TASK PROMPT = Write down exactly the lines from the one below that has "this 640×480 image." to the end of the data, both ends included; the pictures should not appear in your copy.

(Images for object localization)
++++++++++++++++++++

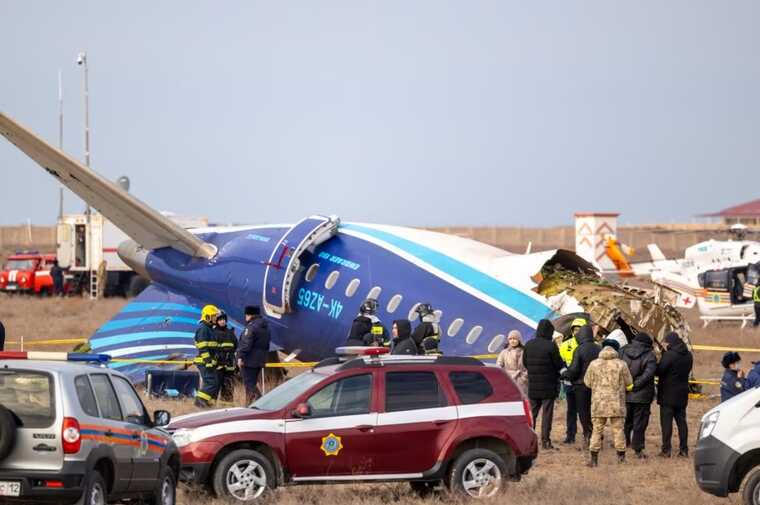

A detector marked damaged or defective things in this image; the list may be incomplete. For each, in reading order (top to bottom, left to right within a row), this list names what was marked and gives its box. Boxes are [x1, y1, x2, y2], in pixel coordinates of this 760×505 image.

crashed airplane fuselage [1, 110, 688, 378]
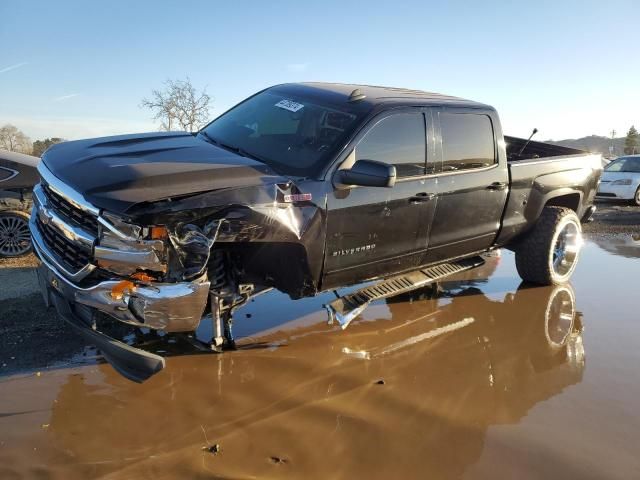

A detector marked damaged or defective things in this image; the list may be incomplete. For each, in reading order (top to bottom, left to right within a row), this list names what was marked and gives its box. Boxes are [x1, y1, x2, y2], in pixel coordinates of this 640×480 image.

detached front bumper [33, 225, 210, 382]
damaged front end of truck [31, 161, 324, 382]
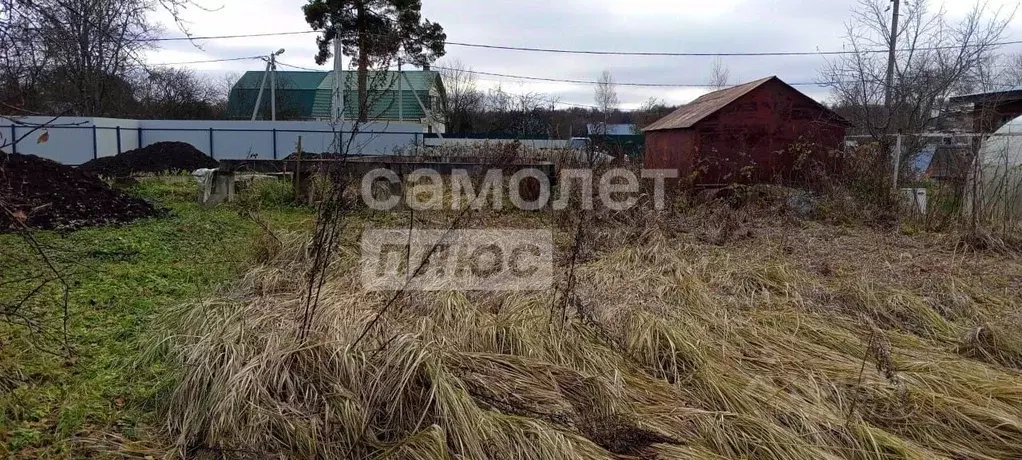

++++++++++++++++++++

RESPONSE =
A detector marked damaged or defective things in this image; the list may be incomplete. For each, in reading order (top to bottom, left to right within a row), this list names what was marked and gives its box. Boxes are [x1, y1, x2, y2], in pixel coordinates of this 640×480 image.

detached front bumper [33, 225, 210, 382]
damaged front end of truck [31, 161, 324, 382]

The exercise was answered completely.